I have fought with my own insecurities about writing this. Partially because it’s part of a past experience, and we are suppose to ‘let go’ of the past, but more out of fear of what OTHERS might say or conclude from my reveal. After a year of crying uncontrollably every time I put thought to MY PERSONAL experience, I decided what better time to feel, purge and heal!
Anyone who reads this who KNOWS me will fully appreciate the power writing holds for me. Anyone who has a negative comment or judgment of MY OWN EXPERIENCE (‘should have’, ‘I can’t believe she said that’, ‘why is she bringing up past’ etc….) can in NO UNCERTAIN TERMS ‘go fuck themselves’.

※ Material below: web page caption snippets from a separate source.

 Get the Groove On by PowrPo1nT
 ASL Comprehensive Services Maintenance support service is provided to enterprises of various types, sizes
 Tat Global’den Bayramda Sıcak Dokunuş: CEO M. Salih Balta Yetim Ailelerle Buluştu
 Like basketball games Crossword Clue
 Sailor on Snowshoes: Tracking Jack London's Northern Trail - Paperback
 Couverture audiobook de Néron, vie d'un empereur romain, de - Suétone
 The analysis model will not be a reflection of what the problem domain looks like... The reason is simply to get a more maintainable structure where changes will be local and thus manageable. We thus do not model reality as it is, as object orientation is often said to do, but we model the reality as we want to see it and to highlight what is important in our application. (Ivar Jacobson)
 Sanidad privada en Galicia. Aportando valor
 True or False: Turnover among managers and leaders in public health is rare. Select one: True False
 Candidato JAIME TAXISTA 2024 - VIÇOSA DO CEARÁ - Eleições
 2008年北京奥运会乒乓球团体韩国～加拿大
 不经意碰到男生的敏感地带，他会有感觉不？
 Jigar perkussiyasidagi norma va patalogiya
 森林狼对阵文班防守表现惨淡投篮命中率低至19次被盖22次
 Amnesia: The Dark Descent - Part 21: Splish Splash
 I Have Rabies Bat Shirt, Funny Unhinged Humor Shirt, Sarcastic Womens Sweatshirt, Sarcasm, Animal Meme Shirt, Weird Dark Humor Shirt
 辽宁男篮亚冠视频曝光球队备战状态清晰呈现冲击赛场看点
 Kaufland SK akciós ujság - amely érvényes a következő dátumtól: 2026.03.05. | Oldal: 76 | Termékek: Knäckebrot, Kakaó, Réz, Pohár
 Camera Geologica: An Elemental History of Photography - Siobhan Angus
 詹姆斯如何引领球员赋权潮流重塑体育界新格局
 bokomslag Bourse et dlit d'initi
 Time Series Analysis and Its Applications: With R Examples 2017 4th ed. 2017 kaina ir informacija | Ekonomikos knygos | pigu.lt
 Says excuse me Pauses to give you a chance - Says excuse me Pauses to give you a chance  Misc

One year ago, I sat like a warrior in my boarded up home ready to ‘fight’ Harvey. I sat video taping the bold gusts of wind from our garage bunker; a couple of lawn chairs, a missing back door window and provisions for a few days. It wasn’t that bad, at first. A heavy wave of wind here and there but no rain or crazy winds.
Not like I had expected. Then again, what did I expect?
My husband and I sat in our garage with ringside seats, fully prepared to capture every fearless moment on video, prepared with four fully charged phones JUST IN CASE we lost power.
This experience highlighted the final days of my beloved’s toxic relationship with ‘The Drink’, so we had stocked our coolers with enough beer (a case and a half) and wine (ONE 4-pk) to ride out the storm. I LOVE wine and although I wasn’t a heavy drinker, to me there was nothing more relaxing than sipping a glass or two just sitting and watching the storms roll in.
As the hours ticked away, the ambiance of the streets was pure desertion. Apocalyptic. Maybe the sound of a car on the nearby roadway splashing or rushing, but no sounds, not even sirens. Nothing other than the roaring wind.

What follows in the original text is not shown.